Die Straßen der Erinnerung sind mit Legenden, Heldentaten und Sehnsüchten gepflastert. Auf ihnen reist der VW T1 Camper am besten. Ansonsten fällt ihm das im Heute etwas schwer, weil es so schnelllebig und hektisch geworden ist. Wenn einer wie er in Zeitlupe durch die Landschaft schlendern will, eckt er an. Doch alles beginnt mit einem kleinen Aufstieg in die kurze Fahrerkabine. Sie bietet Platz für drei Erwachsene, die schüchtern nicht sein sollten. Die Schuhe füßeln auf den stehenden Pedalen, das Kupplungspedal klappt nach unten. Schlüsseldreh, und hinten im kleinen Motorkabäuschen rappelt sich der 1500er auf. Über den spillerigen Schalthebel lässt sich der erste Gang hineinstochern. Ein fester Tapser Gas, das Kupplungspedal federt zurück, und der T1 zuckt voran. Ein paar Meter, dann mit Zwischenkuppeln in den zweiten Gang stochern. Und weiter so, bis in den vierten.
VW T1 Westfalia
Den Charme der Aufbau-Epoche, den Stolz der ersten Touren in fremde Länder und die Legenden der Hippie-Jahre, all das transportiert der T1 heute noch.

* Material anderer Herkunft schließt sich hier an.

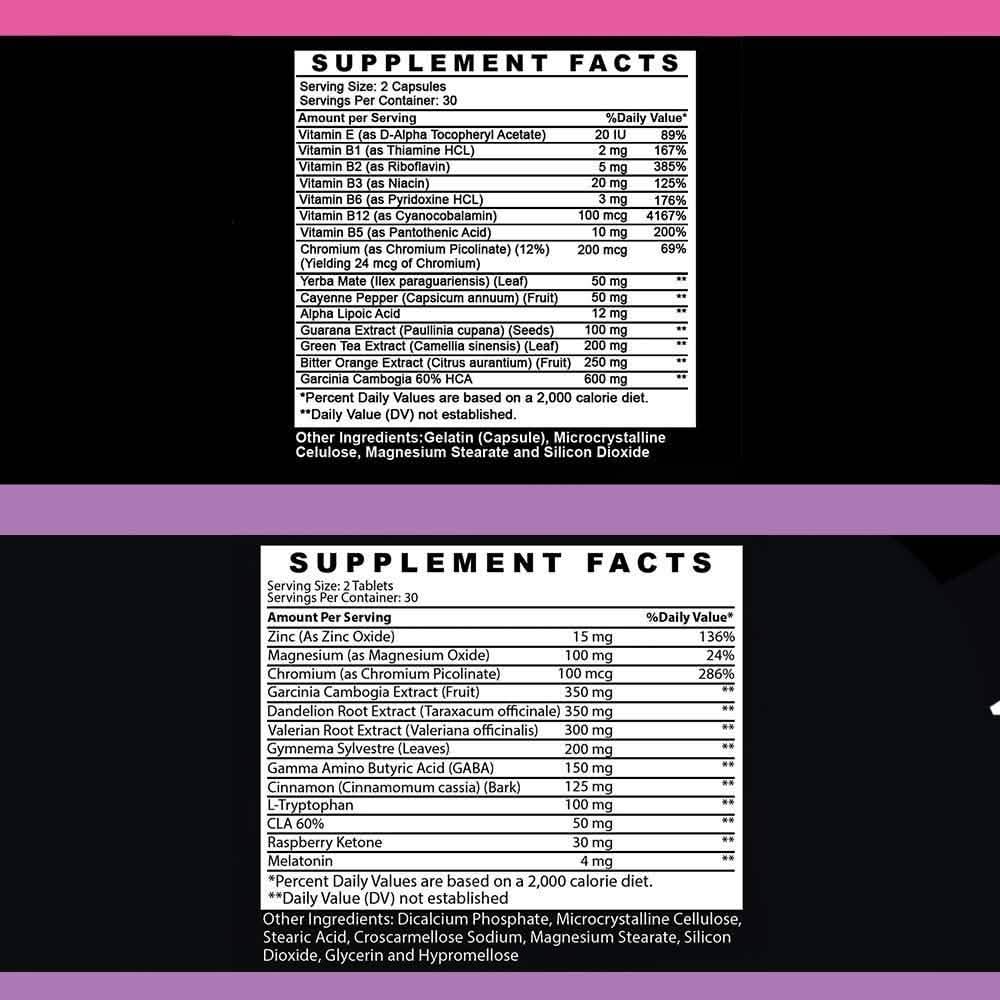 2-Pack: Angry Supplements Day and Night Time Diet Pills Wellness & Fitness - DailySale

Wir müssen ein kleines Stück über die Autobahn. Dort eröffnet der T1 eine neue Dimension der Seitenwindsensibilität. Er tändelt in seiner Spur, die träge, indirekte Lenkung spricht spät und beeindruckend unpräzise an. Mehr als 80 km/h müssen es weder für den kleinen Bus noch für den Fahrer sein. Auch weil die Bremsen mit großer Sanftheit verzögern. Doch der VW federt ordentlich und wippt schon in seiner ersten Generation fröhlich von Unebenheiten angestachelt. Auf der Landstraße dann, so bei Tempo 65, prasselt der Motor gemütlich, die Welt zieht derweil träge an den vielen kleinen Fensterscheiben vorbei. Das könnte jetzt alles so weitergehen, bis in die Ferne, die so noch ein wenig weiter weg erscheint. Doch die Freude des Autowanderns ist keine, die Hinterherfahrende heute verstehen.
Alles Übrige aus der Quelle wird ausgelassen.